The company supports its channel vendors to squeeze extra revenue

Apr 12, 2008 11:36 GMT  ·  By

AMD is reportedly instructing its channel partners to convince users into buying more powerful hardware than they actually need. According to the company, the practice is perfectly legal and has nothing to do with anti-competitive actions; instead, it is based on good technical advice.

Giuseppe Amato, director of value propositions for EMEA at AMD, claims that the new policy adopted by the processor manufacturer is the company's response to the market's demands. However, he admits that both resellers and system builders need to encourage their customers to pick a more expensive and better product than a low-end one.

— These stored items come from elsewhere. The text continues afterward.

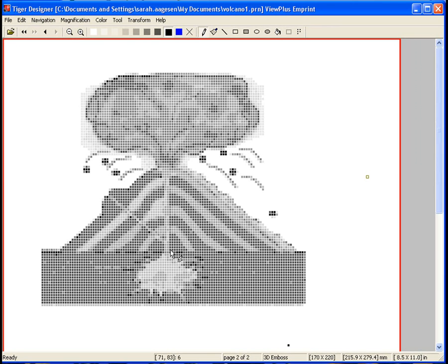Use the Pencil tool to redefine thin lines. In this example, we will redraw the vent within the volcano as well as redefine the outer lines of the volcano.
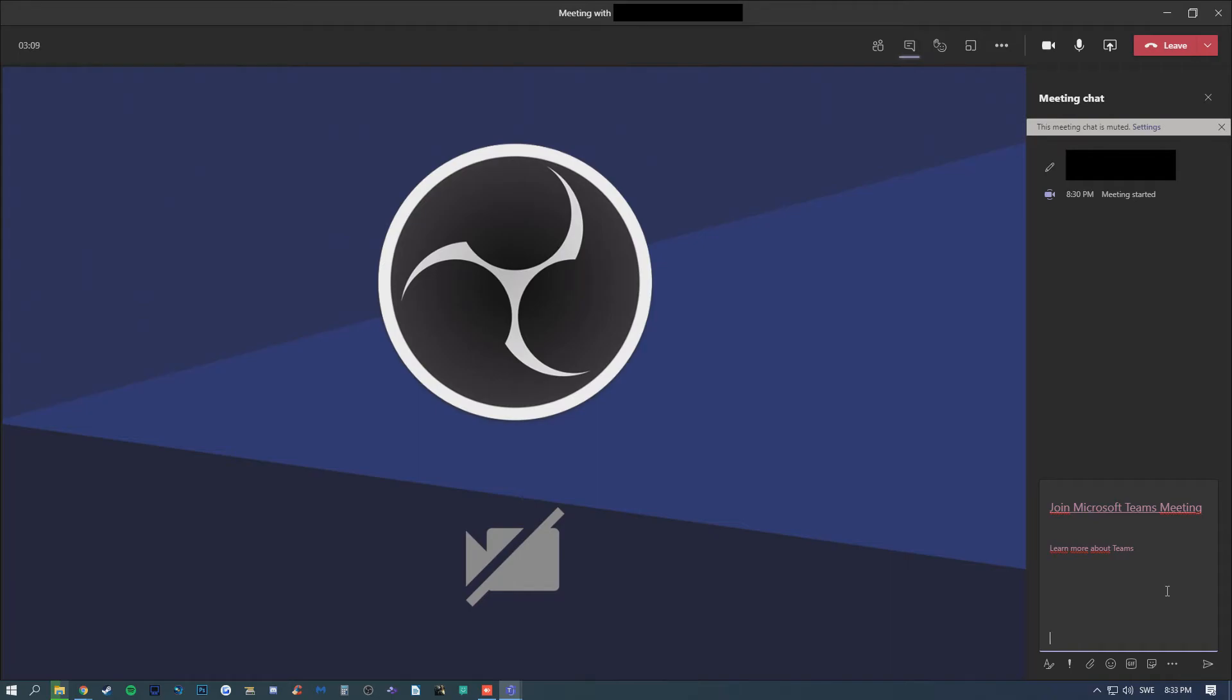So yeah, that's how you set up a quick private meeting. If you're interested in knowing how to set up a meeting in advance and send out an invite to your participants that either do or don't have a Teams account of their own, stay tuned for a separate video that will follow this one.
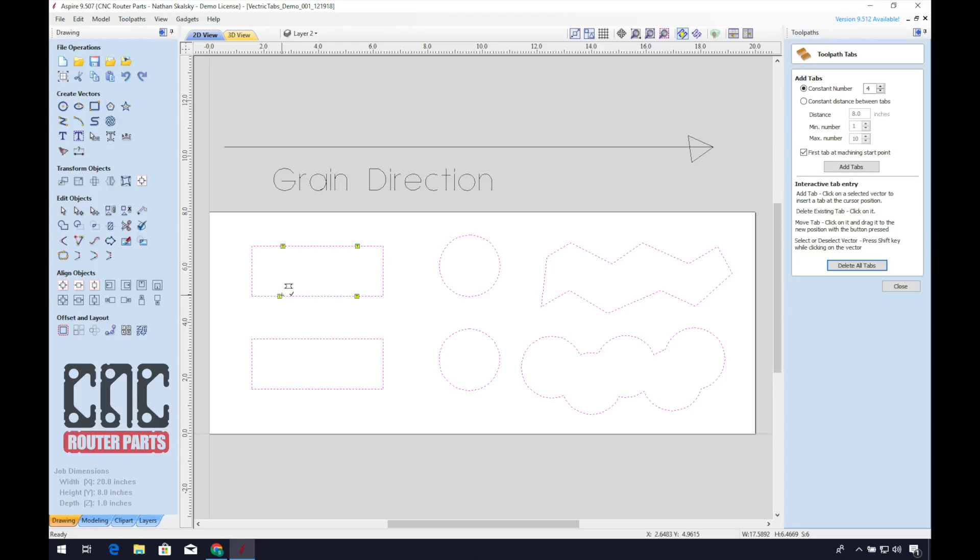This way you can have control over how to place them in relation to grain and the geometry of the shape. For this first rectangle, I'll place all four tabs perpendicular to the grain. This will leave a much easier to clean up edge, but sufficient enough to hold the piece in place.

"We want customers to upgrade to the ?799 product rather than the ?599. And if they were already thinking about the ?799 one, let us get them up to ?999," he said.

Amato also said that the company is promoting its 780G flagship chipset in conjunction with its dual-, triple- and quad-core processors, in order to match the needs of a diversified market with low-end and high-end users.

"If someone says they like watching films, but nothing else, we can give them a triple-core. If they like making films and storing them on BluRay, the reseller knows to give them a quad-core. If they are a serious gamer, the reseller should move them up to 790 chipset."

More than that, Amato claims that the company's products can suit the needs of users as they diversify their options on an evolutive basis. "At any stage, resellers could upgrade a user from a triple-core to a quad-core," he said. The CPU upgrade, for instance can be performed at no extra cost, since tri- and quad-core chips share the same Socket AM2+ architecture.

Despite the company's allegations, market analysts still claim that this type of flexibility won't help AMD become a real annoyance to its competitor Intel. According to Eszther Morvay, senior research analyst at IDC, AMD has lost an impressive amount of market share on the mobile market, where the chip manufacturer has a negligible presence.